Home | About | Sematext search-lucene.com search-hadoop.com
 Search Hadoop and all its subprojects:

Switch to Plain View
Flume, mail # dev - ElasticSearchSink: should we combined the proposed interfaces for event serialization and id assignment


+
Edward Sargisson 2013-04-18, 18:57
+
Israel Ekpo 2013-04-18, 20:29
+
Mike Percy 2013-04-18, 23:04
+
Edward Sargisson 2013-04-18, 23:18
+
Mike Percy 2013-04-19, 00:19
Copy link to this message
-
Re: ElasticSearchSink: should we combined the proposed interfaces for event serialization and id assignment
Edward Sargisson 2013-04-19, 16:48
Hi Mike,
Sure - then I think I'll combine the event serialization and id assignment
interfaces for the new interface.
I will probably also fix the elasticsearch optional dependency issue
(FLUME-1992) while I'm there.

Cheers,
Edward
On Thu, Apr 18, 2013 at 5:19 PM, Mike Percy <[EMAIL PROTECTED]> wrote:

> Thanks for the additional info, Edward. Let's avoid breaking API backwards
> compatibility. I've added a comment on the review board, let's see if we
> can just use instanceof to support an additional serializer API.
>
> Mike
>
>
>
> On Thu, Apr 18, 2013 at 4:18 PM, Edward Sargisson <[EMAIL PROTECTED]>wrote:
>
>> Hi Mike,
>> To get more detailed, the problem is that writing the event to
>> elasticsearch so that Kibana can read it requires that it be written to
>> the
>> correct index and have the correct @timestamp header. If the timestamps
>> used for both of those things is not the same then there is a risk that
>> Kibana won't be able to find the event. This is because Kibana searches
>> for
>> events by taking the time interval you specify in the interface,
>> determining which indexes include that time interval and then querying
>> those indexes by the @timestamp field.
>>
>> So, if the sink decides that it needs to provide the timestamp, and it
>> can't put the timestamp into the event itself then the
>> ElasticSearchEventSerializer implementation has no way to get that
>> timestamp. If we relied on the serializer doing System.currentTimeMillis()
>> itself then we run the risk of the event being written at midnight.
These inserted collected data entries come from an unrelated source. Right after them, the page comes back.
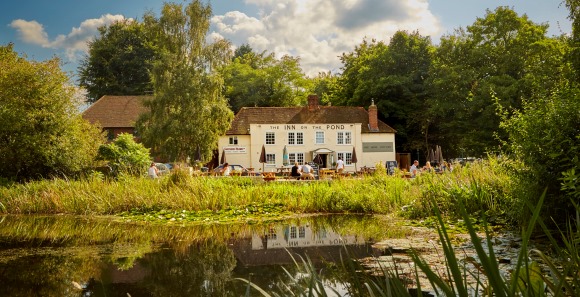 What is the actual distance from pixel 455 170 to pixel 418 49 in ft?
98.6

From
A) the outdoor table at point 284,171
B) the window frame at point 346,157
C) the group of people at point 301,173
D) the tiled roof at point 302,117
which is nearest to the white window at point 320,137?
the tiled roof at point 302,117

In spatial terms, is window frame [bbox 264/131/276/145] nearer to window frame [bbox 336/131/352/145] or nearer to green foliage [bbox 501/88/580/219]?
window frame [bbox 336/131/352/145]

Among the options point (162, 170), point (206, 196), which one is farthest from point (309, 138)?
point (206, 196)

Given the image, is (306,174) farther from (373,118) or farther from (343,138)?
(373,118)

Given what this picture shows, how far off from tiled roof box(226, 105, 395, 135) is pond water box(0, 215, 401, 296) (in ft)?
92.5

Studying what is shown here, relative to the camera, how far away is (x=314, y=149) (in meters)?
41.1

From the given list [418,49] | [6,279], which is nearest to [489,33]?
[418,49]

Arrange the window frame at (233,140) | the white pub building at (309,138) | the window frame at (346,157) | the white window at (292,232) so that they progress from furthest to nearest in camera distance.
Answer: the window frame at (346,157) < the window frame at (233,140) < the white pub building at (309,138) < the white window at (292,232)

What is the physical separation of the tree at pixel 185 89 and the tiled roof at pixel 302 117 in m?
6.30

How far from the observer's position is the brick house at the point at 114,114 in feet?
140

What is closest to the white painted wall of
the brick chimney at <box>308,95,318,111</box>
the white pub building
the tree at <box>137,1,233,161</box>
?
the white pub building

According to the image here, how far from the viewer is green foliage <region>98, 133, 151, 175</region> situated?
20.3m

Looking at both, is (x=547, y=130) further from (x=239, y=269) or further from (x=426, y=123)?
(x=426, y=123)

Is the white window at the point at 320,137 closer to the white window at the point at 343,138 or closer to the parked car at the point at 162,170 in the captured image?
the white window at the point at 343,138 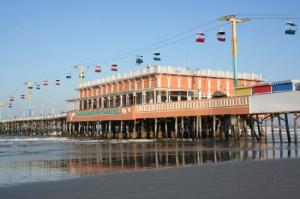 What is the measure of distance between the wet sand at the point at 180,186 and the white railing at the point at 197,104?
25.0m

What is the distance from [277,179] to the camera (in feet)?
33.7

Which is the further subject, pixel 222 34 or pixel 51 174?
pixel 222 34

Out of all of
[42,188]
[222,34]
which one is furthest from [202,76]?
[42,188]

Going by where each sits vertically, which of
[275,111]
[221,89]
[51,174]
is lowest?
[51,174]

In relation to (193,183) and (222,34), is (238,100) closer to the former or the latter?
(222,34)

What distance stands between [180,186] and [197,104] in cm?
3338

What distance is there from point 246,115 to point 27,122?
93365 millimetres

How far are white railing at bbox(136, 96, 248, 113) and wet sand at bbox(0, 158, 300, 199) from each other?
25.0 meters

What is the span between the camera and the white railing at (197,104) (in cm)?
3722

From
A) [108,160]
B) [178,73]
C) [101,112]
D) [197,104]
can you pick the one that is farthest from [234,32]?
[101,112]

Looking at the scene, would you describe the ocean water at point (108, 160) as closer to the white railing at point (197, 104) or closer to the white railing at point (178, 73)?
the white railing at point (197, 104)

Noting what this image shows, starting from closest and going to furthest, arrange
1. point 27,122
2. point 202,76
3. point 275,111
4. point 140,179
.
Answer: point 140,179 < point 275,111 < point 202,76 < point 27,122

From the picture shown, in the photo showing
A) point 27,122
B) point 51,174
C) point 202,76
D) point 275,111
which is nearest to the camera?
point 51,174

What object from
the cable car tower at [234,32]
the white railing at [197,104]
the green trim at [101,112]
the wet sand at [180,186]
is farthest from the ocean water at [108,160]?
the green trim at [101,112]
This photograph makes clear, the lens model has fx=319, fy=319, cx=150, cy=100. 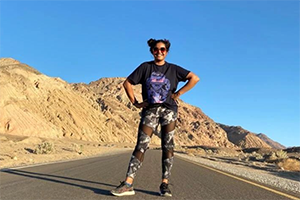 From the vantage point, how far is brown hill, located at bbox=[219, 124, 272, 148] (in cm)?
14725

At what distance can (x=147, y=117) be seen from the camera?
5.16 m

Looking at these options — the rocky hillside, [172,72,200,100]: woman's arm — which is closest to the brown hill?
the rocky hillside

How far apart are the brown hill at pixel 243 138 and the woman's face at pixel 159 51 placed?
14532 centimetres

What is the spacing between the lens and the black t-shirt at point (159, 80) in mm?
5137

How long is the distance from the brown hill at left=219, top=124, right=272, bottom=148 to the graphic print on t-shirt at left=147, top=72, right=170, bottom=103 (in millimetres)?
145373

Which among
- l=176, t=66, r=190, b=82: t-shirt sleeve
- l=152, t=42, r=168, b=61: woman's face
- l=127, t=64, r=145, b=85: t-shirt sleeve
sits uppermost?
l=152, t=42, r=168, b=61: woman's face

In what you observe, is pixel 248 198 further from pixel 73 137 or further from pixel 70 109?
pixel 70 109

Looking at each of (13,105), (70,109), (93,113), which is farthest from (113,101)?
(13,105)

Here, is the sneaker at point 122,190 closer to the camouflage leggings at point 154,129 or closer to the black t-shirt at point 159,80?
the camouflage leggings at point 154,129

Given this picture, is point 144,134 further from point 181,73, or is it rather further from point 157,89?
point 181,73

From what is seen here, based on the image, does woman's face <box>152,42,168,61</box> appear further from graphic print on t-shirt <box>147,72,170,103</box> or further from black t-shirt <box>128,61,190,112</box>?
graphic print on t-shirt <box>147,72,170,103</box>

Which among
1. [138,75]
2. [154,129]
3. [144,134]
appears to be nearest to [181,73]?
[138,75]

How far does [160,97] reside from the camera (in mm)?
5121

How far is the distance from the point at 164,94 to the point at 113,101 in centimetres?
10426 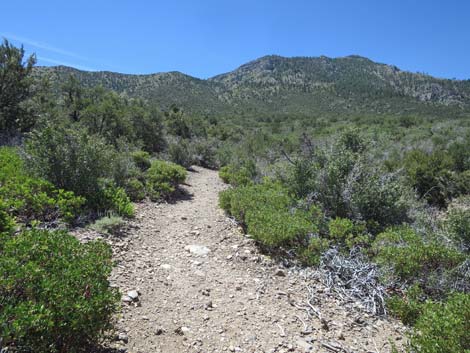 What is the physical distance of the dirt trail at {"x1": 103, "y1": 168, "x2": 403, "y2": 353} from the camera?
3004 mm

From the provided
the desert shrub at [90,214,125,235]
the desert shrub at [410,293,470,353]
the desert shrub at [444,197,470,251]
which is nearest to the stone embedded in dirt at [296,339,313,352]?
the desert shrub at [410,293,470,353]

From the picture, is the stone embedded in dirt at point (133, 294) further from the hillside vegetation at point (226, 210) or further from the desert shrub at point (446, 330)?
the desert shrub at point (446, 330)

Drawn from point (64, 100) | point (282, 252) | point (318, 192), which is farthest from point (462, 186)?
point (64, 100)

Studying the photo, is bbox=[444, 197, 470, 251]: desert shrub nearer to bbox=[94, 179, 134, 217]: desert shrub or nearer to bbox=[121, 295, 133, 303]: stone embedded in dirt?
bbox=[121, 295, 133, 303]: stone embedded in dirt

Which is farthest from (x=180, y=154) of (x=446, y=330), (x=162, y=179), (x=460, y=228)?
(x=446, y=330)

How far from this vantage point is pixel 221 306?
11.7ft

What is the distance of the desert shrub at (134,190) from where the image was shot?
7.66 m

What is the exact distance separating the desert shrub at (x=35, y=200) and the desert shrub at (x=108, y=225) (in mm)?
417

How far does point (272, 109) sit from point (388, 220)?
149ft

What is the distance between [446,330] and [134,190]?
275 inches

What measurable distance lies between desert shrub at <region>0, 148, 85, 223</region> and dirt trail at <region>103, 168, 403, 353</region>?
1.13 metres

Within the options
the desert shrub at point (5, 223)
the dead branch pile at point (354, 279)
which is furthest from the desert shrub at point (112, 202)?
the dead branch pile at point (354, 279)

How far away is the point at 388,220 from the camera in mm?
6039

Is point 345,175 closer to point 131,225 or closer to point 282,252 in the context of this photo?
point 282,252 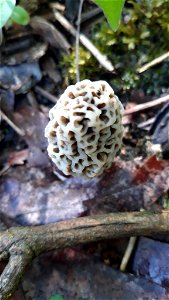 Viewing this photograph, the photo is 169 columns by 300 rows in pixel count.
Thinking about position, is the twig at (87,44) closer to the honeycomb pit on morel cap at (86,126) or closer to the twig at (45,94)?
the twig at (45,94)

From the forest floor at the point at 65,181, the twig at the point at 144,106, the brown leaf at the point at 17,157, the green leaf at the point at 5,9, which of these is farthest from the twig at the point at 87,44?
the green leaf at the point at 5,9

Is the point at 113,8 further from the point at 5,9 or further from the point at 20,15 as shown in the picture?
the point at 20,15

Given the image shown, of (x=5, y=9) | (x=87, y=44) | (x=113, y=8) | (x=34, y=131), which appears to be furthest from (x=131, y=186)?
(x=5, y=9)

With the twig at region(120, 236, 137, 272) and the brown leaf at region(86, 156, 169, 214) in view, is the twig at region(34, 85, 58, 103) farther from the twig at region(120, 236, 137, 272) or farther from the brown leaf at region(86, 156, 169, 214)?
the twig at region(120, 236, 137, 272)

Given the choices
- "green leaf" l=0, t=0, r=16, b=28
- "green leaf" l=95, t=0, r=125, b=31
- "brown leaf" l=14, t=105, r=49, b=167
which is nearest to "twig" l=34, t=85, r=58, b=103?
"brown leaf" l=14, t=105, r=49, b=167

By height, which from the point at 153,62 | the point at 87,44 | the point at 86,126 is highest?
the point at 86,126

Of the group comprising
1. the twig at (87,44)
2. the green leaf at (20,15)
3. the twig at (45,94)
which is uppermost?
the green leaf at (20,15)

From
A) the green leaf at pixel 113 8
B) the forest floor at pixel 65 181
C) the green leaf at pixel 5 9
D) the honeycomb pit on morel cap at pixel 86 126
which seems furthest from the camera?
the forest floor at pixel 65 181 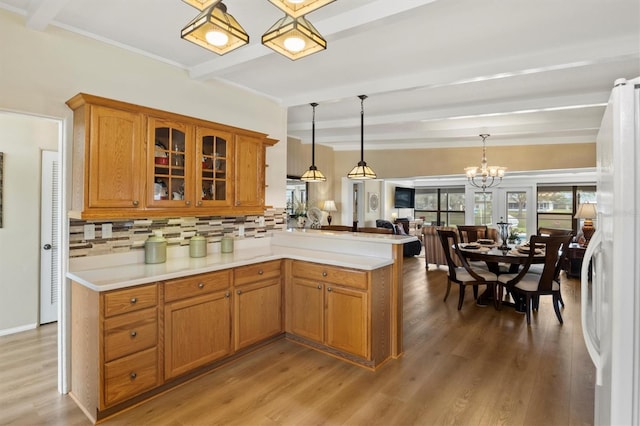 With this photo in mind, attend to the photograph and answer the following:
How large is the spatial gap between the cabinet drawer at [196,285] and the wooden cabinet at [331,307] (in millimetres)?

It
>> might decide to put the event in yesterday's index with today's date.
>>
>> Could we keep the old interface and only use the new one if it's there?
>> The problem with that is that the sink may decide to provide a new
>> timestamp - but the interface implementation has no way of being told what
>> it is.
>>
>> I've just written the code to do it this way and will be adding it to the
>> ticket sometime soon.
>>
>> Cheers,
>> Edward
>>
>>
>> On Thu, Apr 18, 2013 at 4:04 PM, Mike Percy <[EMAIL PROTECTED]> wrote:
>>
>> > Edward,
>> > I added you to CC but I would also recommend subscribing to the dev list
>> > due to how the list headers are configured.
>> >
>> > This is a rough situation. I am loathe to break API compatibility but at
>> > the same time I don't know much about ES and feel I need to find some
>> time
>> > to invest in understanding the ES concepts and how Flume is interacting
>> > with them in this sink.
>> >
>> > Without thinking about it very hard yet, I'd ask if we can just add a
>> new
>> > interface that doesn't suck and maybe is more extensible without
>> breaking
>> > the old one.
>> >
>> > Also wondering if other devs have thoughts on this.
>> >
>> > Mike
>> >
>> >
>> > On Thu, Apr 18, 2013 at 11:57 AM, Edward Sargisson <[EMAIL PROTECTED]
>> >wrote:
>> >
>> >> Hi all,
>> >> (I read this list in digest mode; would you mind ccing me on any
>> replies?)
>> >>
>> >> I've got two patches progressing through Jira (FLUME-1782, FLUME-1972).
>> >> -1782 fixes a defect where the wrong timestamp field and elasticsearch
>> >> index name are used. -1972 adds an interface which users can implement
>> to
>> >> assign an id instead of letting elasticsearch randomly assign on.
>> >>
>> >> The question to discuss: should we(I) combine those interfaces and just
>> >> have a single interface.
>> >>
>> >> Mike Percy has kindly reviewed FLUME-1782 and the knock-on effect of
>> his
>> >> comments require that the ElasticSearchEventSerializer interface be
>> >> changed
>> >> - and thus this becomes a breaking change. I had been attempting to
>> avoid
>> >> that and this is why -1972 has a new interface.
>> >>
>> >> If we're going to break the interface then maybe we should go all the
>> way
>> >> and put the new id provider functionality on to it as well? We could
>> also
>> >> rename it to ElasticsearchEventSerializer (lower case s on search) to
>> >> match
>> >> the way the maintainer of elasticsearch spells it.